President Joe Biden boards Air Force One at Andrews Air Force Base, Md., Friday, March 19, 2021. Biden is en route to Georgia. (AP Photo/Patrick Semansky)

ATLANTA (AP) — President Joe Biden and Vice President Kamala Harris offered solace to Asian Americans and a reeling nation on Friday as they visited Atlanta just days after a white gunman killed eight people, most of them Asian American women.

The visit, during a nationwide spike of anti-Asian violence, has added resonance with the presence of Harris, the first person of South Asian descent to hold national office. And it comes as Biden on Friday expressed support for the COVID-19 Hate Crimes Act, a bill that would strengthen the government’s reporting and response to hate crimes and provide resources to Asian American communities.

Biden was meeting Friday with Asian American state legislators and other community leaders before he and Harris were to deliver remarks.

“We’re going to discuss the ongoing attacks against the community and how we move forward,” Biden tweeted. “It’s up to all of us to root out racism and give hate no safe harbor in America.”

White House principal deputy press secretary Karine Jean-Pierre said to expect Biden to “meet the moment that we are in.”

“He understands and knows that over the past year that the community has been vilified and been scapegoated and they’ve been attacked,” she said.

Their trip was planned before the shooting, as part of a victory lap aimed at selling the benefits of pandemic relief legislation. But Biden and Harris instead are spending much of their visit consoling a community whose growing voting power helped secure their victory in Georgia and beyond.

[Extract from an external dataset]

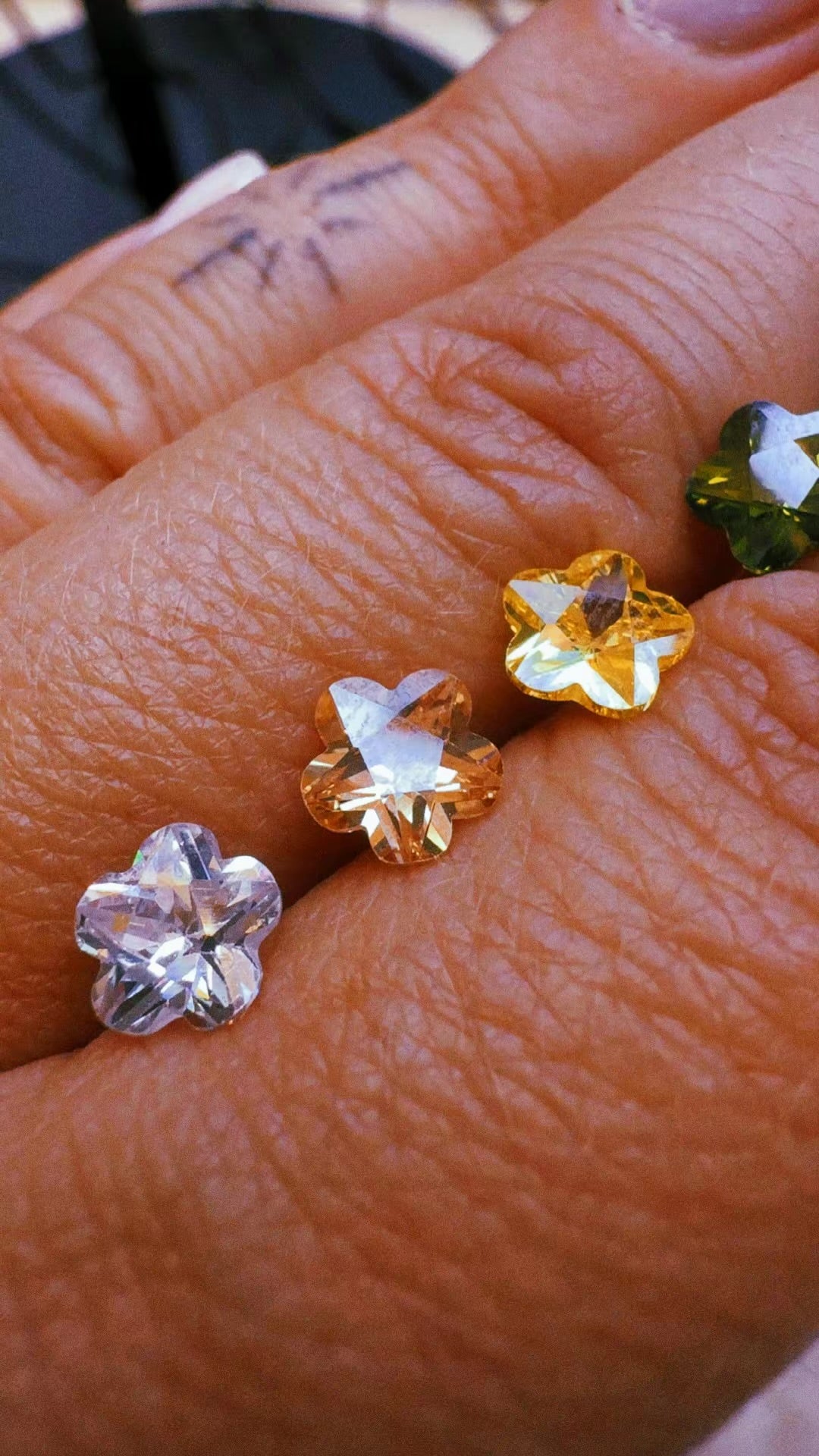 6x6MM FLOWER CUBIC ZIRCONIA STONE (bake into silver clay) (Copy)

Activists have seen a rise of racist attacks. Nearly 3,800 incidents have been reported to Stop AAPI Hate, a California-based reporting center for Asian Americans and Pacific Islanders, and its partner advocacy groups, since March 2020.

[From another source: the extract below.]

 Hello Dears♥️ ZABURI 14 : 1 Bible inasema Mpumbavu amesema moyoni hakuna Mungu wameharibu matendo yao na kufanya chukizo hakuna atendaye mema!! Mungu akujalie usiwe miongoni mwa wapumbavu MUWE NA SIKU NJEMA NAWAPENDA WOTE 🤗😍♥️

In his first primetime address to the nation as president last Thursday — five days before the Atlanta killings at three metro-area massage businesses — Biden called attacks on Asian Americans “un-American.”

Biden also used the visit to tour the headquarters of the Centers for Disease Control and Prevention, where he received a briefing on the state of the COVID-19 pandemic and delivered a pep talk to the agency’s scientists.

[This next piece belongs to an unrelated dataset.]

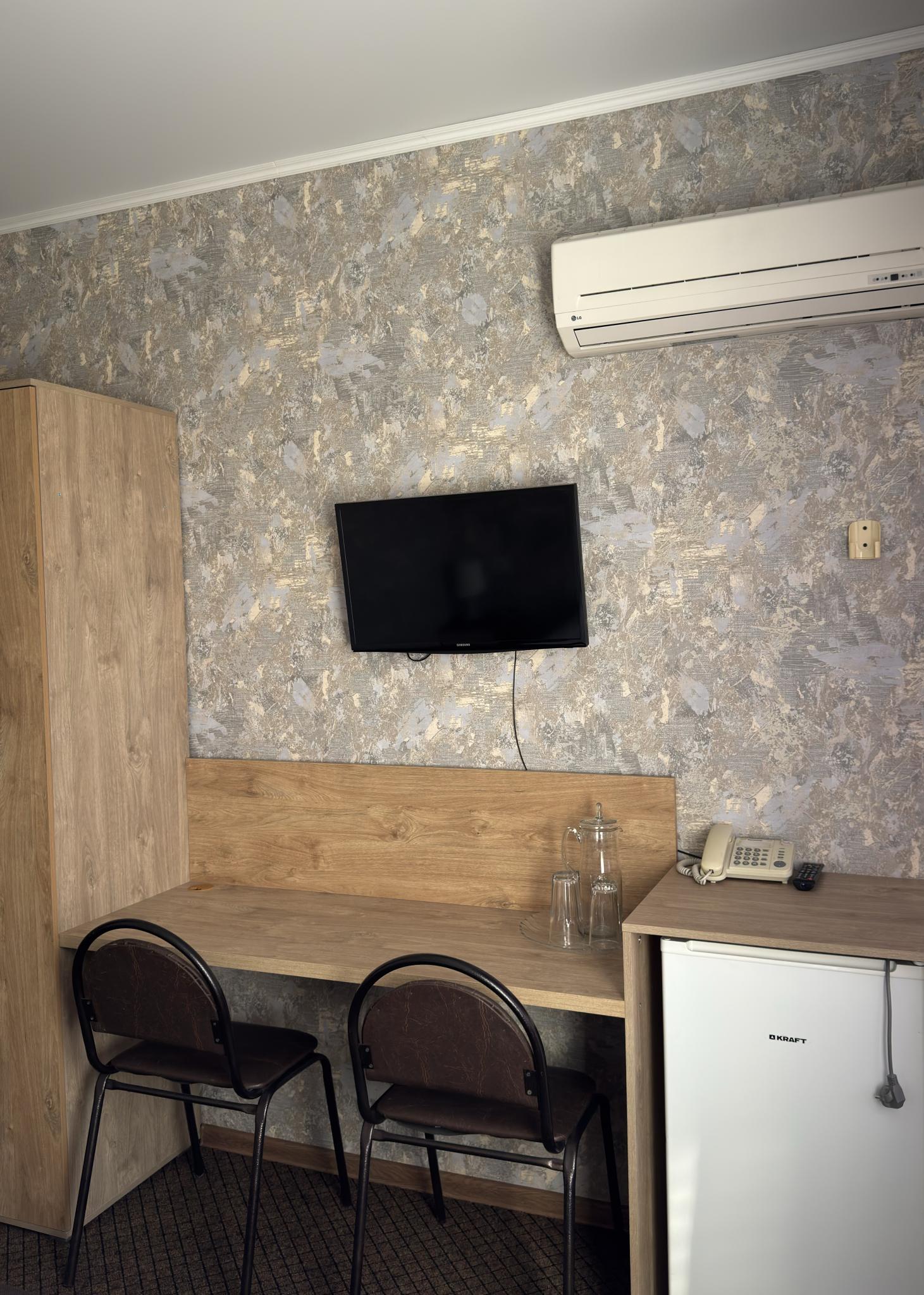 Номер стандарт с 1 двуспальной кроватью 2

“We owe you a gigantic debt of gratitude and we will for a long, long, long time,” Biden said, adding that under his administration “science is back” driving policy to combat the virus.

Though the originally planned political event to tout the $1.9 trillion COVID-19 relief bill has been delayed, the White House confirmed that the president would still meet with Georgia voting rights advocate Stacey Abrams, Democrats’ likely 2022 candidate for governor, as Republicans in the state legislature push several proposals to make it harder to vote in the state. He will also meet with newly minted Democratic Sens. Jon Ossoff and Raphael Warnock and Atlanta Mayor Keisha Lance Bottoms.

As the fastest-growing racial demographic in the U.S. electorate, Asian Americans are gaining political influence across the country. In California, two Korean American Republican women made history with their congressional victories. The Congressional Asian Pacific American Caucus, typically dominated by Democrats, has its largest roster ever, including Asian American and Pacific Islander members and others who represent significant numbers of Asian Americans.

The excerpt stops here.